O Ministro Alexandre de Moraes, todavia, segundo noticiou o Globo dia 21 deste agosto, ouvido sobre o que, em linguagem técnico-jurídica é conhecido como “efeito vinculante” do julgado pelo Conselho de Direitos Humanos da ONU implicando a obrigação jurídica de o Brasil respeitar a candidatura do ex-presidente Lula, deixou clara sua opinião contrária, até em tom de deboche: “Como diria a minha avó – cada macaco no seu galho” - {...} “não tem efetividade jurídica alguma.”

A resposta veio dura no dia seguinte, de acordo com a Rede Brasil Atual (RBA). O embaixador e ex-secretário geral do Itamaraty Samuel Pinheiro Guimarães disparou: “O ministro Alexandre de Moraes não é pessoa qualificada para integrar o STF. Inclusive, por dar declarações fora dos autos. Aliás, não está ele sozinho nessa atitude." "Há um protocolo, um convênio sobre direitos civis e políticos que foi aprovado pelo Congresso Nacional, com relatório do deputado Luiz Carlos Hauly (PSDB-PR), muito elogioso, inclusive criticando o governo à época em que foi aprovado por não ter tomado as providências antes. E foi aprovado por congressistas de todos os partidos." “Guimarães faz referência à aprovação, em 2009, do Protocolo Facultativo ao Pacto Internacional sobre Direitos Civis e Políticos, que tramitou pelas comissões de Relações Exteriores e de Defesa Nacional, de Direitos Humanos e Minorias e de Constituição e Justiça e de Cidadania da Câmara dos Deputados. Hauly foi relator na Comissão de Relações Exteriores.”

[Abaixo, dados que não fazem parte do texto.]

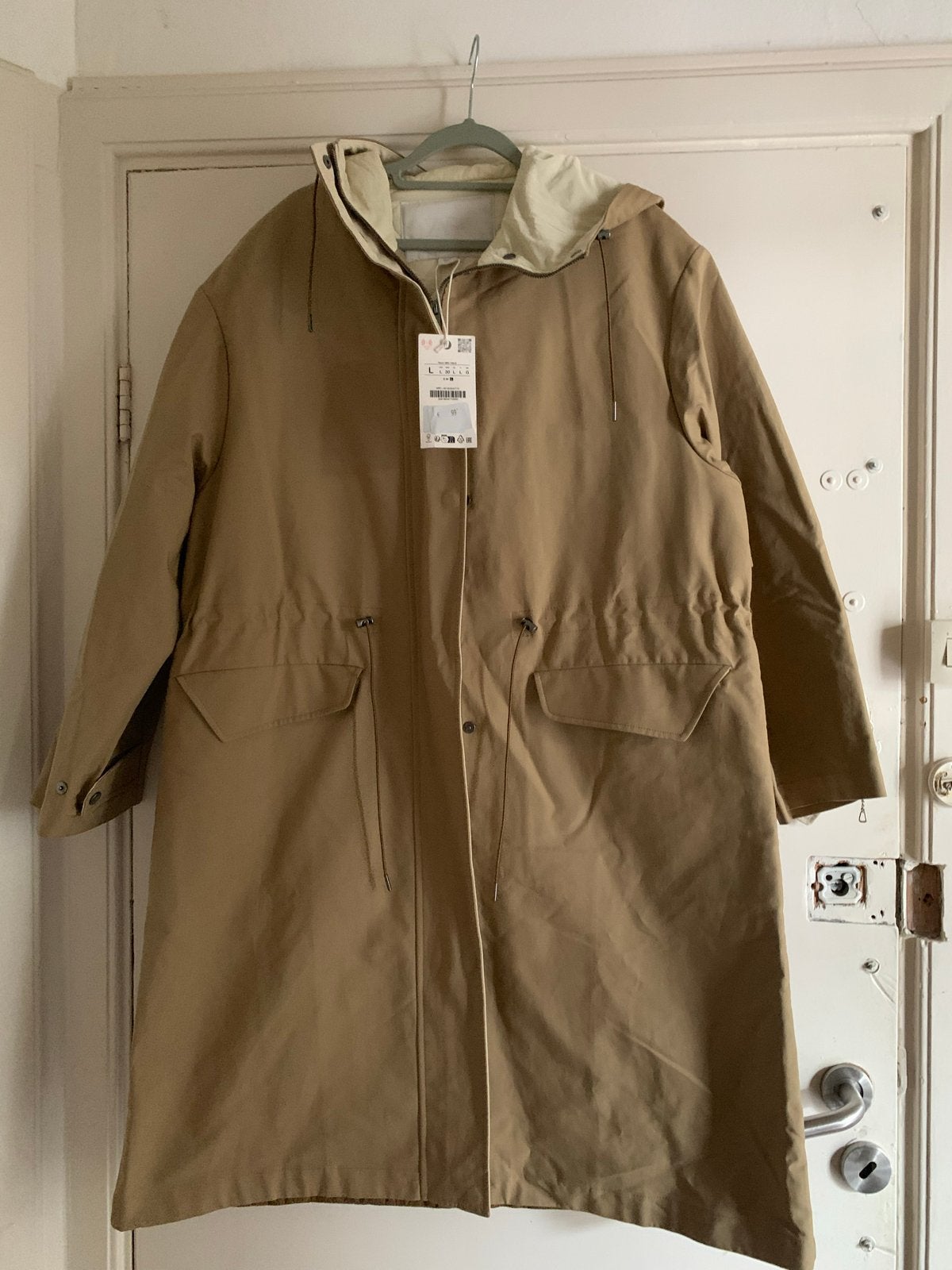 Zara Parka met capuchon en gewatteerde voering - Nieuw, Ophalen of Verzenden, Nieuw, Maat 46/48 (XL) of groter, Beige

Não se trata de uma simples recomendação do Comitê da ONU, como algumas vozes inclusive do primeiro escalão do (des)governo do Brasil alardeiam, abrindo espaço para ser aceita ou não e o perigo agora está em que a ignorância do Ministro Alexandre de Moraes sobre o efeito vinculante da determinação do Conselho de direitos humanos da ONU possa ser partilhada pelas/os demais ministras/os do STF. Ao repetir o ditado da sua avó, porém, mandando cada macaco para o seu galho, o ministro não se deu conta que acabou colocando a ele e a todas/as ministras dependuradas/os nesse galho como se todas/os fossem macacos.

Uma imagem tão infeliz como essa é lícito esperar-se que a impropriedade do seu juízo morra por aí, sem influir em mais ninguém. De quebra, o julgado pelo Conselho da ONU serviu para confirmar a legalidade e a constitucionalidade do despacho dado pelo juiz gaúcho Rogerio Favretto, que já tinha concedido habeas corpus ao Lula, sob razões similares ao da organização internacional. Sua coragem, diante do poder da onda habilmente criada pelo poderoso vozerio midiático e até de parte do Judiciário, sustentando inexistir mais qualquer possibilidade de reconhecimento de presunção de inocência de condenadas/os em segunda instância que tenham ajuizado recurso, recebeu apoio de, nada menos, que uma Organização internacional para exigir o contrário. Deixa mudos os despachos judiciais posteriores que o desautorizaram, os do presidente do TRF4, Thompson Flores e do juiz Sergio Moro, bem como a avalanche de críticas que ele recebeu posteriormente de toda aquela fração do poder público e privado servil à tese de se impedir a qualquer custo a candidatura do ex-presidente.

Num ambiente política e juridicamente viciado como o Brasil está presenciando, a legitimidade dessa greve de fome já provou, por tudo isso, a sua oportuna razão de ser. É uma bem aventurada fome de justiça, que serve também para denunciar de forma heroica a outra, material, a de pão, que a partir de 2016 (!) voltou a roer o corpo de milhões de brasileiras/os pobres num Brasil que já tinha saído do mapa da fome. Uma e outra só podem ser saciadas se todas as garantias devidas aos direitos civis, garantes de voto, e sociais, como o da alimentação, que lhes servem de efetivo conteúdo se traduzirem efetivamente na vida das atuais vítimas do desrespeito crescente desses direitos por aqui. Isso poderia começar com o Supremo ouvindo e atendendo o mandado pelo Conselho de Direitos Humanos da ONU, e a justa e legal exigência dos grevistas.